We thank the reviewer for this comment. In our review, we summarize the data linking the microbial metabolites, SCFAs and TMAO, to inflammation in pulmonary arterial hypertension. Buytrate’s anti-inflammatory (PMIDs: 28654658, 31759015, 32476236, 28802151, 24226770) and TMAO’s pro-inflammatory effects (PMIDs: 26903003, 28871042, 28153917) have also have demonstrated in other disease states. At this time, the microbiome research field has not clearly delineated all of the fundamental mechanism(s) linking these metabolites to inflammation (and subsequently to vascular remodeling and cardiac dysfunction) and we believe that this discussion is beyond the scope of our review.

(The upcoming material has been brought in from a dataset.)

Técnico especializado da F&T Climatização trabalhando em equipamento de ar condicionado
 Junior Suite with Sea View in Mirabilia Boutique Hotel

- Inclusion of clinical trial going on related to the study along with practical challenges to translating microbiome-targeted therapies can also be discussed.
In the “Potential Approaches to Modulate the Gut-Lung Axis to Treat PAH”, we discuss the ongoing clinical microbiota transplant trial and describe the challenges of translating microbiome-targeted therapies: “Challenges to translating preclinical findings to PAH patients include genetic factors, age, sex, concomitant chronic diseases, and different environmental exposures68 (medications, diet, timing of eating, toxin use, chemicals in environment/products, hygiene, air pollution, daylight exposure, etc.). Fetal/maternal or perinatal microbiota exposures may also complicate the efficacy of microbiota clinical trials”
Minor Comments:
- Is PH and PAH different? If not, please be consistent throughout the article.
Thank you for this feedback. There are five World Health Organization (WHO) groups of pulmonary hypertension (PH) and PAH is Group 1 PH. We mostly focus on WHO group 1 PH or PAH but also describe some studies supporting the role of the microbiome in other types of PH (e.g. PH due to hypoxia which is known as Group 3 PH). We have added the following to the end of the introduction: “While there are five broad World Health Organization (WHO) groups of pulmonary hypertension (PH), which are defined by a mean pulmonary artery pressure ≥20 mmHg[14], we primarily focus on WHO group 1 PAH and Group 3 PH (PH secondary to lung disease) in this review.”
Additionally, we have carefully gone through our manuscript to mention “PAH” when discussing Group 1 PH and “PH” when considering other types of PH.
Author Response File: Author Response.pdf
Round 2
Reviewer 3 Report
Comments and Suggestions for AuthorsThank you for your thorough revisions. The authors have addressed all comments thoughtfully and the manuscript has improved significantly.